No quería volver a repetir el agotador proceso, pero no se puede abandonar a un soldado perdido en el campo de batalla. Puse mi auto nuevamente en la fila de vehículos de quienes iban a buscar lo mismo para comer. Debía volver por mi nugget lo más pronto posible. Contra mi voluntad volví a pasar por el menú grande y por la inquietante ventana donde había visto a la duende de la fealdad. Me encontré de nuevo con el muchacho.
«Joven, le pedí diez nuggets y solo me dio nueve».
«¿Seguro que no se comió uno en el camino?», me respondió con descaro.
¡Atrevido, desgraciado, bobo de mierda! Pensé. ¡Cómo puede atreverse a decir que yo había vuelto para reclamar por un miserable nugget!
«Hombre, no he vuelto aquí para robarle un nugget», le dije, tratando de bajar la tensión. «Yo nunca le he robado un nugget a nadie», insistí.
«No se preocupe, Ana me autorizó a darle otro», me respondió, como si yo fuera un africano hambriento y él estuviera haciendo una obra de caridad.
«¿Ana? ¿La… de… la primera ventana?», le pregunté.
«Sí, es mi novia, mi media naranja», respondió, intentando en vano agregar humor a la desagradable circunstancia.

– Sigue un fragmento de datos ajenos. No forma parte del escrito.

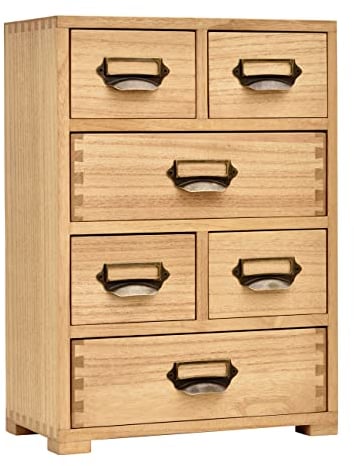 KIRIGEN Wood Storage Drawer Units Desktop Organiser Chest of Drawers Rustic Craft Cabinet 6 Drawers with Metal Handles Desk Supplies Organization Natural (4D6C-NA)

¿Su media naranja? Hombre, «ella es más bien un limón agrio», pensé para mis adentros. Ahora sé qué es lo que aquí está pasando. El pobre infeliz debe de haberse enamorado de la duende fea por su voz, y ahora está obligado a robarle nuggets a los clientes para alimentarla cada noche. Extraños tiempos en los que vivimos: la fealdad vende pollo y los bobos se enamoran. Mientras pensaba en lo que estaba imaginando, veo salir por la ventana del drive-thru la mano del muchacho, con una servilleta conteniendo un nugget.
El pedazo de pollo artificial estaba casi frío. Su soledad fue aterradora. Lo recogí casi con ternura, con piedad incluso, y lo coloqué delicadamente en la cajita junto a los otros nueve de su estirpe. Sentí que había podido reunir a toda la familia. El hijo pródigo había vuelto a casa.
Tras la desagradable epopeya vivida a la hora menos pensada, podía por fin comer en paz mis hormonas favoritas. Pero el final feliz nunca llegó. Al sacar las papas fritas de la bolsa, me di cuenta de que no habían puesto kétchup. Saqué las servilletas para secar la transpiración producto de la ira, y tiré con violencia las bolsas llenas de comida por la ventanilla, las cuales fueron a caer al borde de la carretera, donde la única basura era esa. Sin dejar que la desesperación se apoderara de mí, cambié el plan de ruta de mi GPS. Nuevo destino: Burger King.